Unexpectedly low performance of temporal antialiasing due to high GPU cost #61905
Description
Godot version
4.0.alpha (b9375ea)
System information
Fedora 36, GeForce GTX 1080 (NVIDIA 510.68.02)
Issue description
In Godot, enabling TAA on a GTX 1080 and a 2560×1440 viewport takes up more than 1.2 ms of GPU time, even in an empty scene with just a Camera3D. The performance impact seems fairly constant regardless of the scene's contents:
Empty scene
TAA disabled | TAA enabled |
---|---|
1 BoxMesh
TAA disabled | TAA enabled |
---|---|
1 BoxMesh + 1 DirectionalLight3D with shadows + Default Environment
TAA disabled | TAA enabled |
---|---|
According to the View Frame Time panel, nearly all of the rendering cost is on the GPU. CPU frame time barely changes when TAA is enabled, at least in simple scenes. Therefore, motion vector generation isn't the bottleneck. The actual TAA shader is more likely to be a bottleneck.
Replacing the main()
function's contents with just return;
in the taa_resolve.glsl
shader results in a black image, but still increases GPU time by 0.7 mspf compared to TAA disabled.
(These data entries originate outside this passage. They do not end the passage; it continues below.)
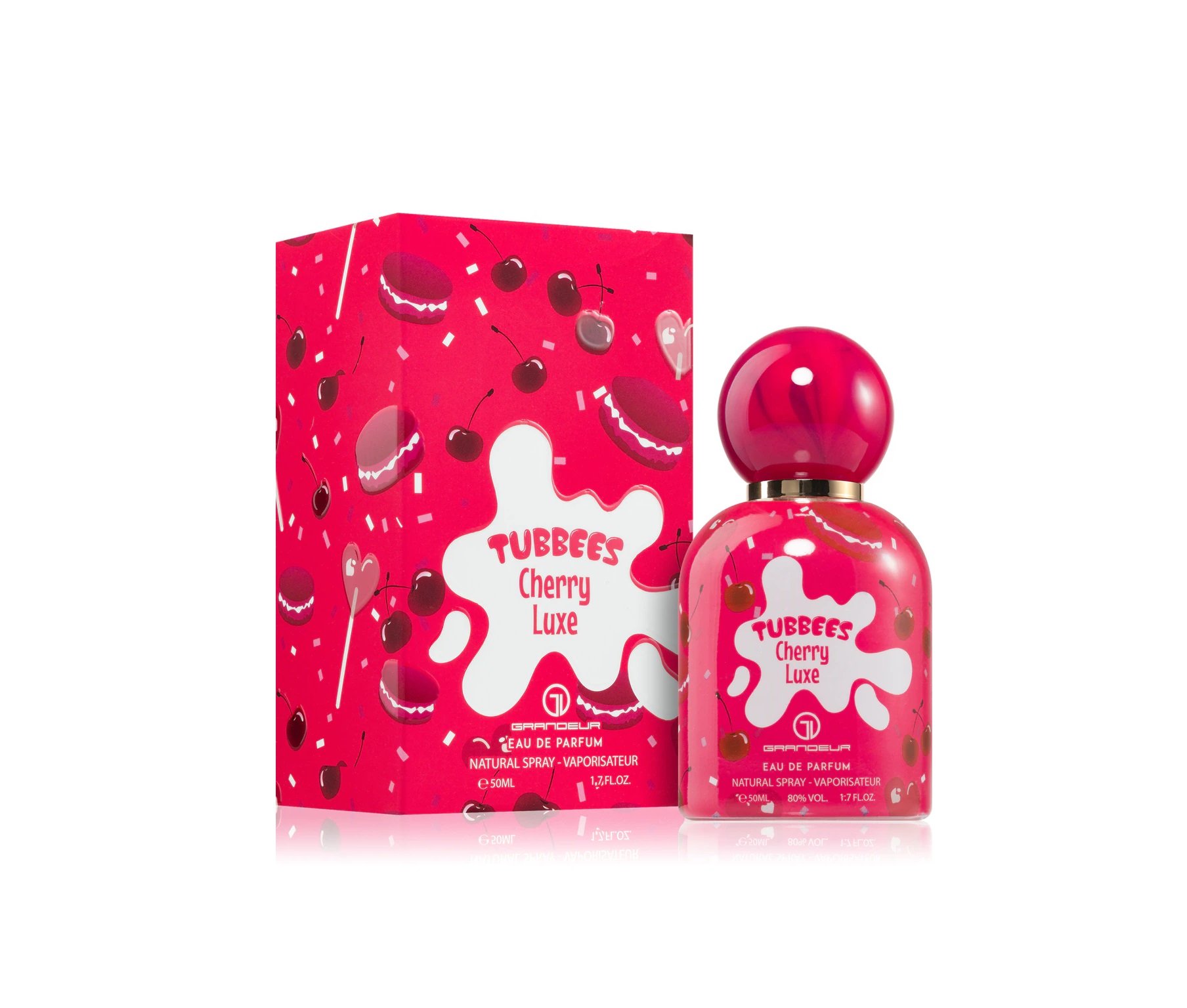 Grandeur Tubbees Cherry Luxe EDP 50 ml - Парфюмна вода за жени и мъже - Image 3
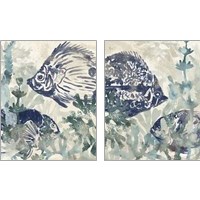 Framed 'Seafloor Fresco 2 Piece Art Print Set' border=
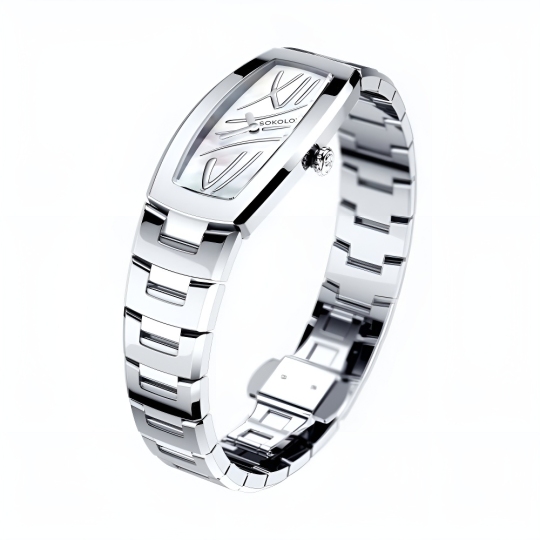 Женские стальные часы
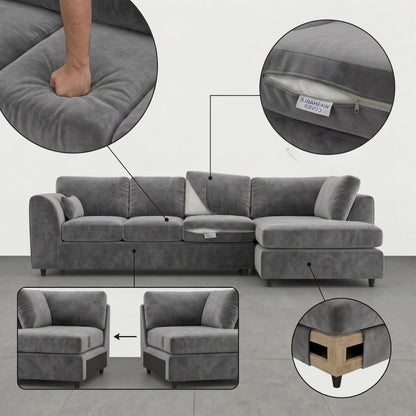 XL Right Hand Facing Light Grey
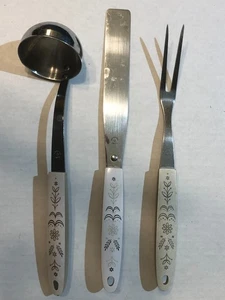VTG Flint Arrowhead Serving Utensils Ladle, Icing Spatula, Carving Fork Lot of 3 - Picture 1 of 5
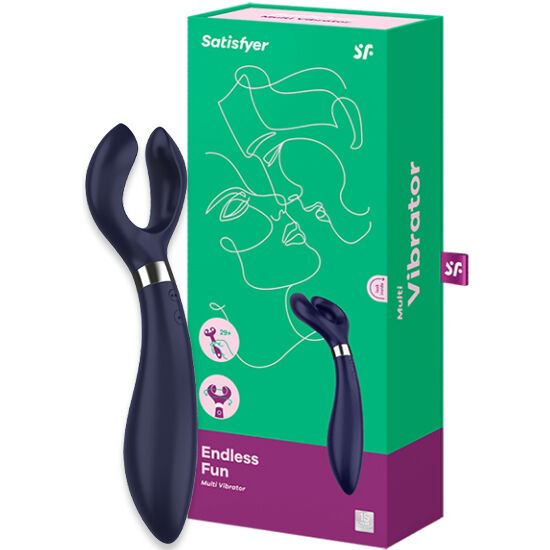 SATISFYER - ENDLESS SJOV MULTIVIBRATOR 3 BLÅ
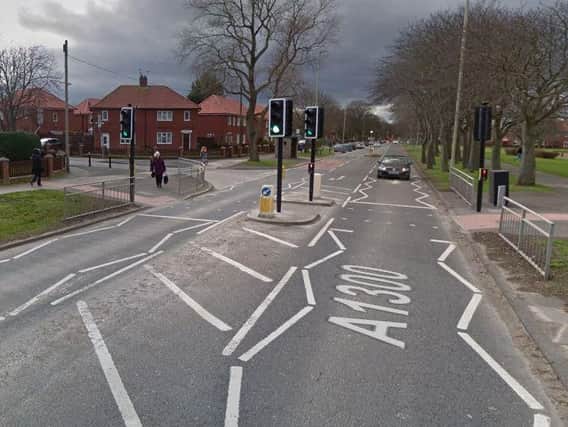 The collision happened at the junction of Prince Edward Road and Forber Avenue. Image copyright Google Maps.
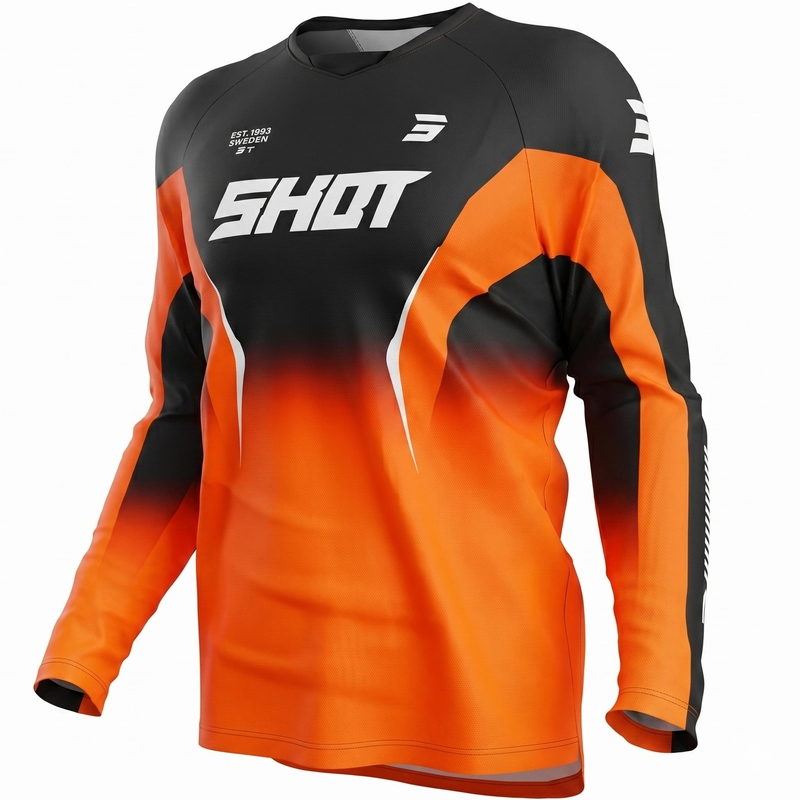 Motocross trøje Shot Draw Clash orange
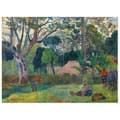 Miniatyrbild 1 av 4: Legendarte - Målning, Canvastavla - Det stora trädet (Te Raau Rahi) Paul Gauguin cm. 60x80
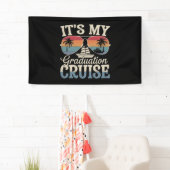 卒業式クルーズの修学旅行船レトロ 横断幕 (インサイチュ)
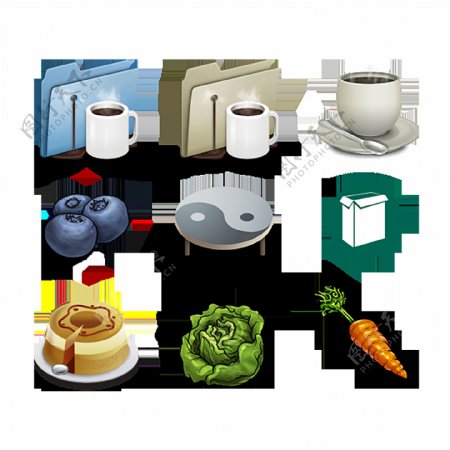 蛋糕热饮食物食品图标icon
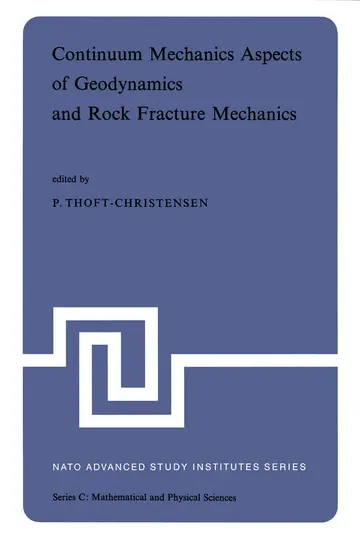 Cover of Continuum Mechanics Aspects of Geodynamics and Rock Fracture Mechanics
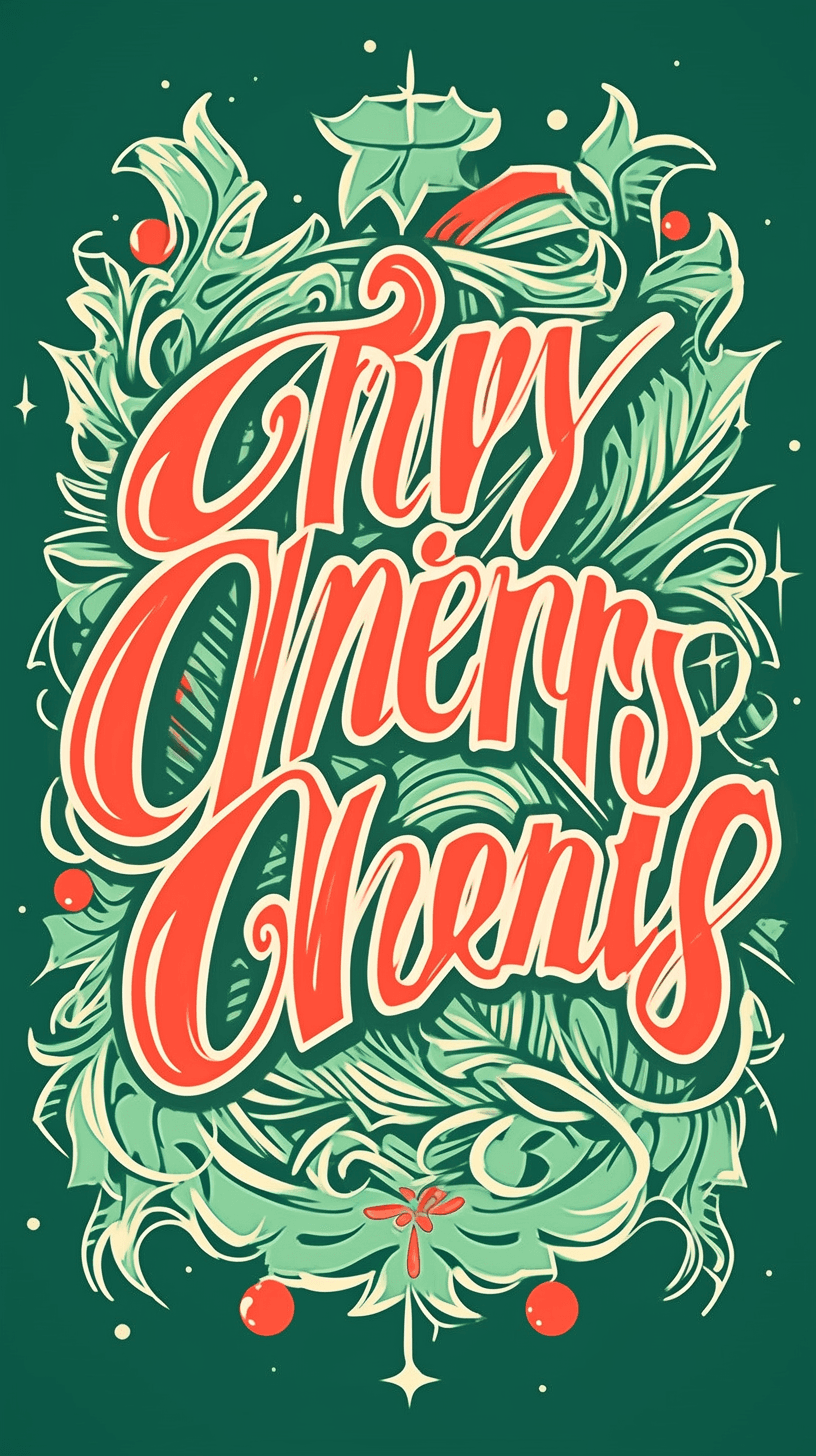 Christmas Letter Echo original repeating artwork
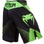 HURRICANE FIGHT SHORTS - BLACK/NEO YELLOW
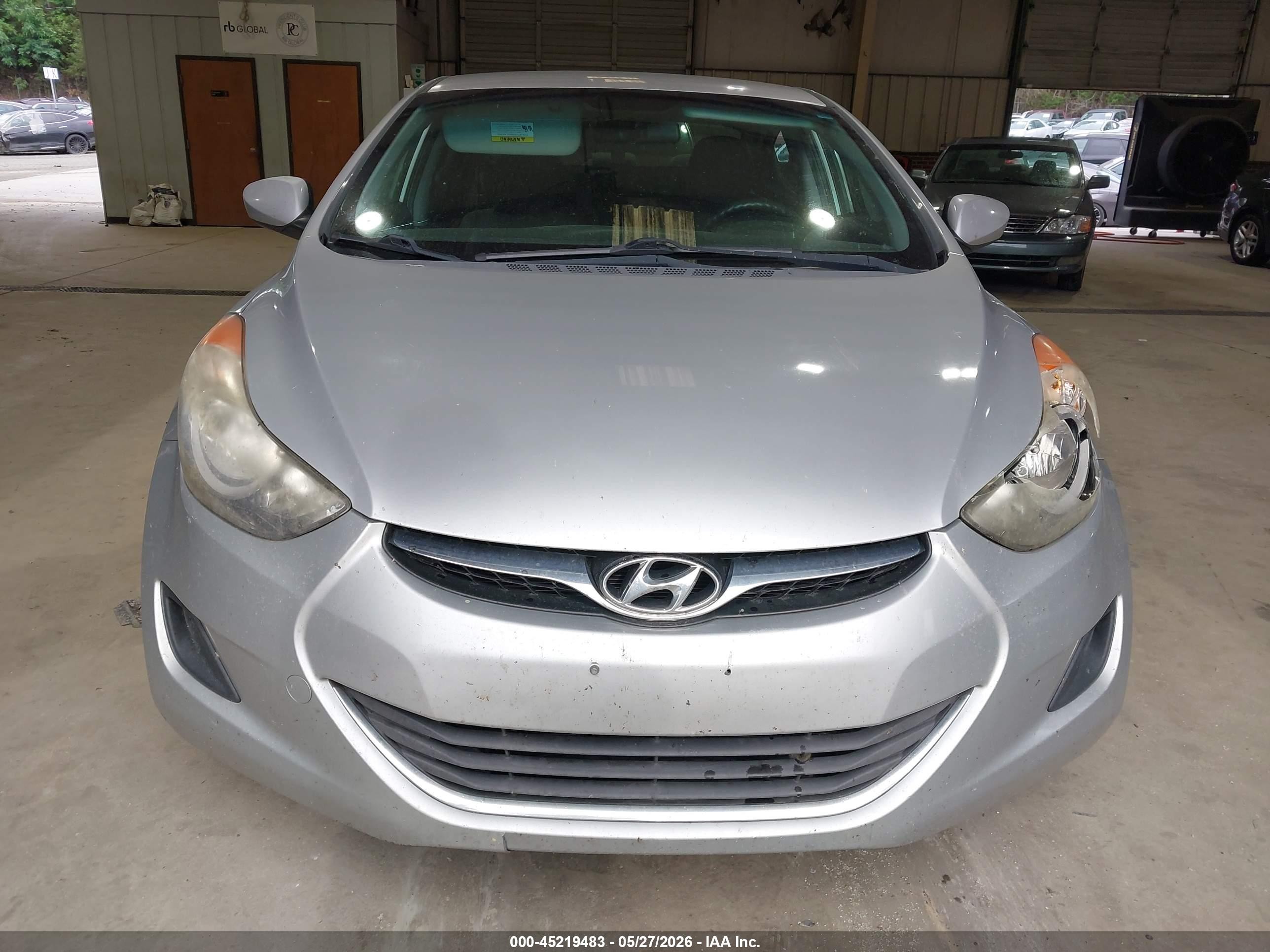 2013 Hyundai Elantra Gls Silver vin: 5NPDH4AE2DH373853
Renderdoc confirms that TAA is indeed taking around 1.2 ms of GPU time. (I don't have access to actual Vulkan profiling tools on this GPU, as it's too old to use Vulkan profiling on NSight.)
At lower resolutions, the performance impact of TAA is much less noticeable:
575×310
TAA disabled | TAA enabled |
---|---|
905×550
TAA disabled | TAA enabled |
---|---|
This doesn't compare favorably to the TAA implementation in other open source rendering engines. For example, in Tesseract, in a semi-complex scene with many objects and lights, the frame time difference between TAA disabled and enabled is only ~0.2 ms ((1.0/333 - 1.0/357) * 1000
):
TAA disabled in Tesseract | TAA enabled in Tesseract |
---|---|
There are many technical differences between Godot 4 and Tesseract's rendering engines:
- Tesseract uses traditional deferred rendering, not clustered forward rendering. It has a non-PBR renderer and favors performance over flexibility.
- Tesseract uses a seemingly simpler (yet effective) form of TAA called TQAA (temporal quincunx antialiasing).
- Tesseract uses OpenGL 4.3 on supported hardware (with 3.3 as a minimum), not Vulkan. This is less efficient than Godot on paper, even though OpenGL can be pretty efficient if used well.
Still, I feel TAA should not be this expensive on the GPU in Godot.
Steps to reproduce
- Enable Perspective > View Frame Time in the top-left corner of the 3D viewport.
- Enable Use Taa in the Project Settings.